Many common business and estate planning arrangements involve employer-owned life insurance (EOLI). Many business owners and professional advisors are unaware that employer-owned life insurance death benefits paid to employers are generally taxable as income. Yes, that is the general rule since the passage of the Pension Protection Act of 2006. Pursuant to Internal Revenue Code §101(j), which provides guidance for the tax treatment of EOLI policies, unless (1) certain exceptions apply and (2) certain notice, consent, and reporting requirements are met for EOLI policies purchased (or materially changed) after August 17, 2006, the death benefits are taxable to the extent the proceeds exceed the employer’s premium payments. Note that §101(j) does not offer any safe harbors. These requirements are intended to discourage arrangements where businesses generate cash flow by insuring the lives of lower-level employees, and in some cases, where the insured had not worked for the company in many years. However, it impacts many business insurance arrangements, such as buy-sell agreements funded by life-insurance, key-person insurance, and executive compensation programs. If a company is expecting a death benefit of, for example, $5 million to fund the buy-out of a deceased shareholder’s ownership interest, giving up 50% of the proceeds to cover the tax liability can be devastating.

Exceptions:

  • The insured is either an employee at any time during the 12-month period before death OR was a director or highly compensated employee or individual at the time the contract was issued;
  • The extent the life insurance proceeds are used to purchase an equity (or capital or profits) interest from a family member of the insured, an individual who is a designated beneficiary, a trust established for the benefit of a family member or designated beneficiary, or the estate of the insured.

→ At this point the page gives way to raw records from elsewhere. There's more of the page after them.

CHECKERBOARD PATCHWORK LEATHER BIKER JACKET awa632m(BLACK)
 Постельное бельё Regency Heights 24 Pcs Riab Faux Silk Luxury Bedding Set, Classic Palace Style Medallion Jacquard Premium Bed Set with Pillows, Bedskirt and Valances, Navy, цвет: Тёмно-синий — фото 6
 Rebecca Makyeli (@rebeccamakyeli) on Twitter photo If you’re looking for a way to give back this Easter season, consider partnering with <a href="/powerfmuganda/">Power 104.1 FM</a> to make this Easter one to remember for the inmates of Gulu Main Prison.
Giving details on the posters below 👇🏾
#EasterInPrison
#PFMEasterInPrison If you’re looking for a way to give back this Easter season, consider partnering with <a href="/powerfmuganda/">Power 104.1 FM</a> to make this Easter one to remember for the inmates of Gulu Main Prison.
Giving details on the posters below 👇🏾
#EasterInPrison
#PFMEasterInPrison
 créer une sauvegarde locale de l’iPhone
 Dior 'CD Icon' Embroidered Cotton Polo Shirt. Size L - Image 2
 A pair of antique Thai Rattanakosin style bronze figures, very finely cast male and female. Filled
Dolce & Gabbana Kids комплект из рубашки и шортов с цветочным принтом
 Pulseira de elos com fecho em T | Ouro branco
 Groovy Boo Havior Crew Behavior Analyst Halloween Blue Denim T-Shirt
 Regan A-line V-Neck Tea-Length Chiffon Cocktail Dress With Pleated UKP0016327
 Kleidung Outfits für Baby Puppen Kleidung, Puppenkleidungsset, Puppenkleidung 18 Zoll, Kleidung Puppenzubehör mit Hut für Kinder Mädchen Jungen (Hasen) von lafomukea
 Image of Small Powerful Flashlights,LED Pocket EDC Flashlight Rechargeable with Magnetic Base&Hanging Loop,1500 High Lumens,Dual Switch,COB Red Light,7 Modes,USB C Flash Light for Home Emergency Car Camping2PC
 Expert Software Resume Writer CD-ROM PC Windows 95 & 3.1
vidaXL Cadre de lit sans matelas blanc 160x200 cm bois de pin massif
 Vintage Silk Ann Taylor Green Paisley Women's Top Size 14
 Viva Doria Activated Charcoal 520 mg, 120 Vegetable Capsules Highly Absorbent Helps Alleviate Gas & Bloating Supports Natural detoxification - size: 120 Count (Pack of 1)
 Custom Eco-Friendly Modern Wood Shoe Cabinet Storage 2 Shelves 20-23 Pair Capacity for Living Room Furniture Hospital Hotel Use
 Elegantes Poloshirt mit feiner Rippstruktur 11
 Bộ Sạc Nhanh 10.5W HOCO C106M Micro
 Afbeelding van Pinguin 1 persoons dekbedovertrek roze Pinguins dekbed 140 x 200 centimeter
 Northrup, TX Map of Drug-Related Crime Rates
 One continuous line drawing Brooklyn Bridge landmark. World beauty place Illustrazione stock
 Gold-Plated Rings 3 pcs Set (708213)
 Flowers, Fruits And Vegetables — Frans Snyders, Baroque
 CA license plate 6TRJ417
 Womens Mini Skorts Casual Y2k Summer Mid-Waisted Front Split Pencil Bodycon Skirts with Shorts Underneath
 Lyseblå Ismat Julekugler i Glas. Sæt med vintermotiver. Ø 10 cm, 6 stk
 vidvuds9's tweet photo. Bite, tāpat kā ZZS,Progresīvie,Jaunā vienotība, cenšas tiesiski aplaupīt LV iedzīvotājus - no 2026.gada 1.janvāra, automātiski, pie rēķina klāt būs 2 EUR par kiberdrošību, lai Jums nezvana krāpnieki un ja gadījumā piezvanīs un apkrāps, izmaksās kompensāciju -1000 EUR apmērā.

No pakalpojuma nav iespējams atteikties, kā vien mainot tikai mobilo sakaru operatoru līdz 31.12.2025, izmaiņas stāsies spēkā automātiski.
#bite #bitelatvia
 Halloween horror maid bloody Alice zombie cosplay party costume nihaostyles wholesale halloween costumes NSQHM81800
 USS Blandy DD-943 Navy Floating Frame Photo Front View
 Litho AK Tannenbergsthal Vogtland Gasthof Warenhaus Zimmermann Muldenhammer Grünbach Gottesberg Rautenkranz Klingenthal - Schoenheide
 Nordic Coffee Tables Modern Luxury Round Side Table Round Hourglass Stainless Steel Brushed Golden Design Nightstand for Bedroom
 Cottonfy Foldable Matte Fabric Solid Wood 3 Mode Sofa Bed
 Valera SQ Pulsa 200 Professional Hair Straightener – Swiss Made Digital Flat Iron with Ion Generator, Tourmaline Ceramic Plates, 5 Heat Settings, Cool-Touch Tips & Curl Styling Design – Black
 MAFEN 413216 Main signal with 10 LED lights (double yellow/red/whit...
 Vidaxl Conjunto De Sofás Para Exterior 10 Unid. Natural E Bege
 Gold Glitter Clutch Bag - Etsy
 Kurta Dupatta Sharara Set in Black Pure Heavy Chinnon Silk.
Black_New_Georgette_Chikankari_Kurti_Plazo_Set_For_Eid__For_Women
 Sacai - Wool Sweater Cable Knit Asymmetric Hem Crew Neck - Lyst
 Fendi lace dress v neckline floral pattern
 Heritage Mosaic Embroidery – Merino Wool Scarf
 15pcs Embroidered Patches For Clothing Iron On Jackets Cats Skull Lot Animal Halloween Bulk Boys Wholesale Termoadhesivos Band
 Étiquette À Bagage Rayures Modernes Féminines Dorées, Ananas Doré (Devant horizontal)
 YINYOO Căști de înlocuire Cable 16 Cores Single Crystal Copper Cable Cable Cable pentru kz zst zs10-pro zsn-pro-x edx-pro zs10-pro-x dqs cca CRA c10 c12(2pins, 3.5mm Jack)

Even if an exception applies, notice and consent requirements must be met BEFORE the issuance of the policy. The employee must be notified in writing of the following: (1) that the employer intends to insure the employee’s life, (2) the maximum amount for which the employee could be insured at the time the contract was issued, and (3) the employer will be the beneficiary of any life insurance proceeds payable upon the death of the employee. Thereafter, the employee must provide written consent to being insured under the contract and that the coverage may continue after the employee is no longer employed by the policyholder.

An Example:

Mike is an employee of ABC Company. In 2008, the president and owner of ABC Company, Deborah, decided that Mike’s ongoing employment was important to the company’s long-term success. Deborah met with Mike and explained that the company would be purchasing a life insurance policy on Mike’s life. Mike was agreeable and completed everything necessary on his part. Now, if Mike dies, the death benefit, less the company’s basis, would be subject to ordinary income tax because Mike was not provided written notice, Mike did not sign a consent, and Form 8925 was not filed on or before the due date of the company’s 2008 income tax return.

ABC Company could surrender the policy, comply with the notice and consent requirements, purchase a new policy, file Form 8925, and continue to comply with the §101(j) requirements going forward. Or, the company could materially change the contract by purchasing an increase in coverage, complete the notice and consent requirements prior to issuance of the policy, and timely file Form 8925.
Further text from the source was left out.